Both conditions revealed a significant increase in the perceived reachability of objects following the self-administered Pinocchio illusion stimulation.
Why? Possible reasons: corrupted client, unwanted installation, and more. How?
========================
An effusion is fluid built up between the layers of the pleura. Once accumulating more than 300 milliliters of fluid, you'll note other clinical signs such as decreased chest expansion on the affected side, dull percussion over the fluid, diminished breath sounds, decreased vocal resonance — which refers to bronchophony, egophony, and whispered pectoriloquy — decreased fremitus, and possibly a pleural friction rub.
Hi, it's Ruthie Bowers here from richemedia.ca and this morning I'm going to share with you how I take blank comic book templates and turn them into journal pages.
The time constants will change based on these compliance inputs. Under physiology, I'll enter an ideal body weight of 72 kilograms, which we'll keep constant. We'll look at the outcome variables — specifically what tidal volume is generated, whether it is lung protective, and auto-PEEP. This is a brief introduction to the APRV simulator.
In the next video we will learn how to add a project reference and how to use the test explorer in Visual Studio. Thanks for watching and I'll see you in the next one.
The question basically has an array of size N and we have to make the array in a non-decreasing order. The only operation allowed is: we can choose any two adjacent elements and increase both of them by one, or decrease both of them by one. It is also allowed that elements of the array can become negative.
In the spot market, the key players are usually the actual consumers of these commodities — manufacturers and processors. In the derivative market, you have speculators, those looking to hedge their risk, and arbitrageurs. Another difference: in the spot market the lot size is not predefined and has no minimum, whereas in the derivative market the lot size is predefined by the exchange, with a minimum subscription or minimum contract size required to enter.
========================
Try it → Give an exact copy of the lines above from the line with "An effusion is" up to and including the line with "In the next video", and leave everything else out.

Exercise output →
An effusion is fluid built up between the layers of the pleura. Once accumulating more than 300 milliliters of fluid, you'll note other clinical signs such as decreased chest expansion on the affected side, dull percussion over the fluid, diminished breath sounds, decreased vocal resonance — which refers to bronchophony, egophony, and whispered pectoriloquy — decreased fremitus, and possibly a pleural friction rub.
Hi, it's Ruthie Bowers here from richemedia.ca and this morning I'm going to share with you how I take blank comic book templates and turn them into journal pages.
The time constants will change based on these compliance inputs. Under physiology, I'll enter an ideal body weight of 72 kilograms, which we'll keep constant. We'll look at the outcome variables — specifically what tidal volume is generated, whether it is lung protective, and auto-PEEP. This is a brief introduction to the APRV simulator.
In the next video we will learn how to add a project reference and how to use the test explorer in Visual Studio. Thanks for watching and I'll see you in the next one.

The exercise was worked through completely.